La femme de Carlos Ghosn dénonce dans une lettre les conditions de détention de son mari au Japon

L’épouse de Carlos Ghosn, le patron de Renault, a écrit une lettre à l’ONG Human Rights Watch qui défend les droits humains, pour témoigner des conditions draconiennes de détention de son mari au Japon depuis le 19 novembre 2018.

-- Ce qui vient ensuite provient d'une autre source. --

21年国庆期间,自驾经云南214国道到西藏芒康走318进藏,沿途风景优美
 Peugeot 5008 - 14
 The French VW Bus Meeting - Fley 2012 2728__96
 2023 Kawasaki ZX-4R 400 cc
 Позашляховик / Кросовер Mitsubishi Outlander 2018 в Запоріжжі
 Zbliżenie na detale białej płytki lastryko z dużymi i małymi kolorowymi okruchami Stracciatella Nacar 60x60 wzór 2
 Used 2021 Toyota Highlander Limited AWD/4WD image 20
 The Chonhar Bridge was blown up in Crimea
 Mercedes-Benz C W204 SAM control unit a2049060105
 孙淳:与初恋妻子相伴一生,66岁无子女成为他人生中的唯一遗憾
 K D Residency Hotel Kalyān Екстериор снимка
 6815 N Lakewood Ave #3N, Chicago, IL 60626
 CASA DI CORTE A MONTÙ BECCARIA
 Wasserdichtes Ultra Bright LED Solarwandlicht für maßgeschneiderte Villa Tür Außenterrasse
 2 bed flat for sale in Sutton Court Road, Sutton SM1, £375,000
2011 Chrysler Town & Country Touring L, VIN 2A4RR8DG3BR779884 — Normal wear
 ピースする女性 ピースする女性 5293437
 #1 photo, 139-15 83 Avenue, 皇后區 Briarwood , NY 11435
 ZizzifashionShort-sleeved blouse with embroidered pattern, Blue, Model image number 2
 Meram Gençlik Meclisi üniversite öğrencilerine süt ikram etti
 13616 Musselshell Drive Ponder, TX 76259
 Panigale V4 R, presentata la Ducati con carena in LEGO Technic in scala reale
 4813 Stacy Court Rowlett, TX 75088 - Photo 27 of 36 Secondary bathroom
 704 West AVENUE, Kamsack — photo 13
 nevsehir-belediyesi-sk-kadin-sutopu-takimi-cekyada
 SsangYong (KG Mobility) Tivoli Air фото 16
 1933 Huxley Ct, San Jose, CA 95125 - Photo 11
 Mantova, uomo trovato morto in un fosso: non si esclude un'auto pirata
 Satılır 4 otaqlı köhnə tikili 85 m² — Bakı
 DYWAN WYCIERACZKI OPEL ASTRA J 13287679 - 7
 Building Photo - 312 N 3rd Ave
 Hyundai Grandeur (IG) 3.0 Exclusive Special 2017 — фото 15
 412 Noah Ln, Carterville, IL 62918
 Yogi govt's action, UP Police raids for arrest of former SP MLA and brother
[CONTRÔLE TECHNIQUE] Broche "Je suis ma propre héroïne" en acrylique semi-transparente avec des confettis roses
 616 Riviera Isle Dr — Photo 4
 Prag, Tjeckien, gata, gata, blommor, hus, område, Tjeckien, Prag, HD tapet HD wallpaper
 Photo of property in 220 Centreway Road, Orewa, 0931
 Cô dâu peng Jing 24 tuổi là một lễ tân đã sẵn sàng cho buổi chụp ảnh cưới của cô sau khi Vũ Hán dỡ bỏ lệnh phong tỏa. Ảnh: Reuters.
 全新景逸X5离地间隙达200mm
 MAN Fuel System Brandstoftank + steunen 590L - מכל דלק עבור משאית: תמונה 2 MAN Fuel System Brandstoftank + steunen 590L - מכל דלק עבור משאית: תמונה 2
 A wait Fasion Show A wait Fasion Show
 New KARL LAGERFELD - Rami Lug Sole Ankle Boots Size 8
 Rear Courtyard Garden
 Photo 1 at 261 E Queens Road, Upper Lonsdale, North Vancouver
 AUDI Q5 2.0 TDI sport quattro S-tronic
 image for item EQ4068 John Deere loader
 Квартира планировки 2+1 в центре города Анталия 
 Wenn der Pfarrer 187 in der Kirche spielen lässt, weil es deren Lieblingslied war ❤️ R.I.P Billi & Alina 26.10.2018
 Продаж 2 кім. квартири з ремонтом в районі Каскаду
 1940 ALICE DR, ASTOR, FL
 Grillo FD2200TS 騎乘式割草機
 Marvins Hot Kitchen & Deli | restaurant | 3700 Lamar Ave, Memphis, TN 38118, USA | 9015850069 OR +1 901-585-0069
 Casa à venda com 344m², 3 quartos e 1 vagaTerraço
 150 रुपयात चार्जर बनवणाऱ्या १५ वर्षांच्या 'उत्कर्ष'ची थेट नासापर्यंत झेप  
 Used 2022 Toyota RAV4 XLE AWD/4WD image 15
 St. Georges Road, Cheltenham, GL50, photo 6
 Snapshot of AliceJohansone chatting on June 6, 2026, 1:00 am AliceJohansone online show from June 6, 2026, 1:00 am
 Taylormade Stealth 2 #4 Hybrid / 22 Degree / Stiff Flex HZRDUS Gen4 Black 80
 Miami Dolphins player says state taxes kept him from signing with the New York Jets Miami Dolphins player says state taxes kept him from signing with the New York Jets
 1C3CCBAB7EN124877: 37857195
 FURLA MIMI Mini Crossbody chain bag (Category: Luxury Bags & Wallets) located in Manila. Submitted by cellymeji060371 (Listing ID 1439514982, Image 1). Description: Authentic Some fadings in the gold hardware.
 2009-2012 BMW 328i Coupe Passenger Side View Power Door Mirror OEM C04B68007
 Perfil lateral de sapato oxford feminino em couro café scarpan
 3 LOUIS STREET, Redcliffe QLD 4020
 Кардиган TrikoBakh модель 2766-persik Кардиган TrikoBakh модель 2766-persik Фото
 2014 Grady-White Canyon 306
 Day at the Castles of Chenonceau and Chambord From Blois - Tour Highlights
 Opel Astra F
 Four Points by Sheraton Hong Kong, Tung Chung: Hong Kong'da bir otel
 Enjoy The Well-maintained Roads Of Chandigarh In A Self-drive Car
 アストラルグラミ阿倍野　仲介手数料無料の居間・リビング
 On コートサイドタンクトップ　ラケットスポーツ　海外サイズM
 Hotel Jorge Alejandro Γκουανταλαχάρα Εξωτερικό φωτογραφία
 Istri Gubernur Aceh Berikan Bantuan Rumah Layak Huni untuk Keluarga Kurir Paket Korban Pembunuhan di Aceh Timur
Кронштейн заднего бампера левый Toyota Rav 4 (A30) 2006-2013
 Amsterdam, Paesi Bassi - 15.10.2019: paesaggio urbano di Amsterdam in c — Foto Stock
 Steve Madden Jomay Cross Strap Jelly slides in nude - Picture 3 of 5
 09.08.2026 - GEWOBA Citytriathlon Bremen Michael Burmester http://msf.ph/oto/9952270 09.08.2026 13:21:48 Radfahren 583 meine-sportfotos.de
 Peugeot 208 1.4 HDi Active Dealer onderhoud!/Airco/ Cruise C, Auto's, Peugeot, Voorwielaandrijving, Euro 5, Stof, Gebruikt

Dans sa lettre de neuf pages que l’AFP a pu consulter dimanche, Carole Ghosn raconte que la cellule de son mari, inculpé pour abus de confiance et minoration de déclarations de revenus aux autorités boursières sur huit années, est éclairée nuit et jour et qu’il n’a pas accès à son traitement médical. « Pendant des heures chaque jour, les inspecteurs l’interrogent, l’intimident, le sermonnent et l’admonestent, dans l’intention de lui extirper une confession », écrit-elle.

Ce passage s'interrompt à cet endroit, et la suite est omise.